Neighbors have routinely ripped up artwork or fliers posted on my door about readings. I’ve received notes informing me about other tenants’ misdoings and the alleged terrorists in Washington Square Park. Do these wack jobs think they are passing on story tips?

There was little point in going to management since I couldn’t prove anything. I just tossed the stupid notes into a big envelope and went about my business, spreading the gospel of good writing. I’ve put myself into a protective psychic bubble through yoga, meditation, chanting.

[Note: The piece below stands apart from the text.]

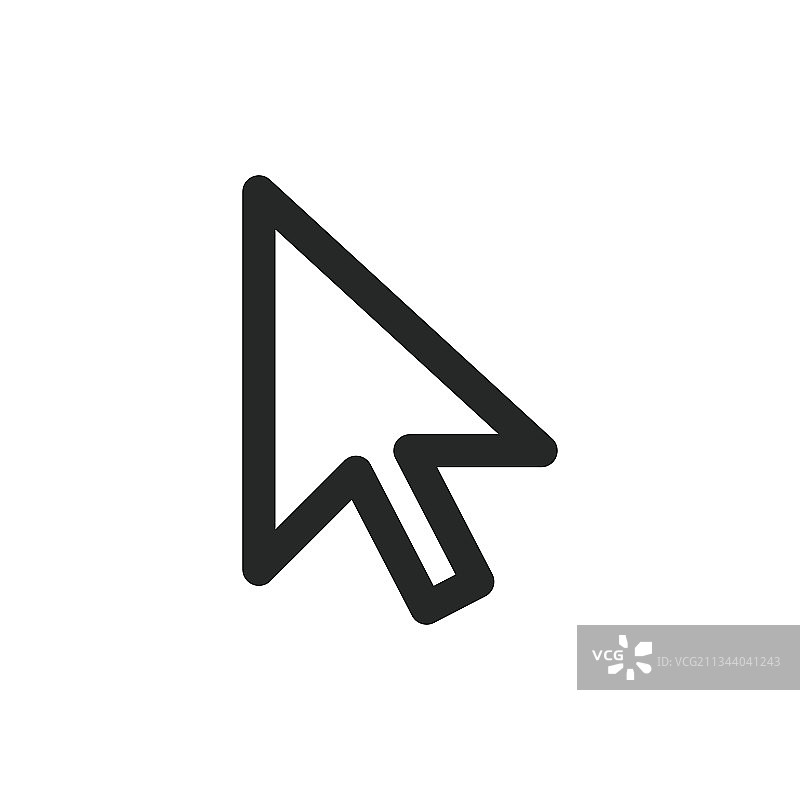 电脑光标鼠标图标技术箭头网页图片素材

Despite the building’s inherent nuttiness, I feel grateful because I pay a quarter of the market value for my studio. Getting a coveted apartment in Westbeth’s cavernous halls was a blessing that has allowed me to develop my craft as an essayist, memoirist and teacher.

Unlike the pioneers whose arrival coincided with the Age of Aquarius, I didn’t have visions of a utopian community. I buried my love beads long before. Still, I found what I needed: a low-rent, Wall Street-free zone where everyone buzzed about editors, auditions, openings, galleries and readings — where I could afford an artistic life.

I’m thrilled to reside in the last outpost of Greenwich Village bohemia, a brilliant, contentious place, where the biggest insult is that someone “isn’t really an artist.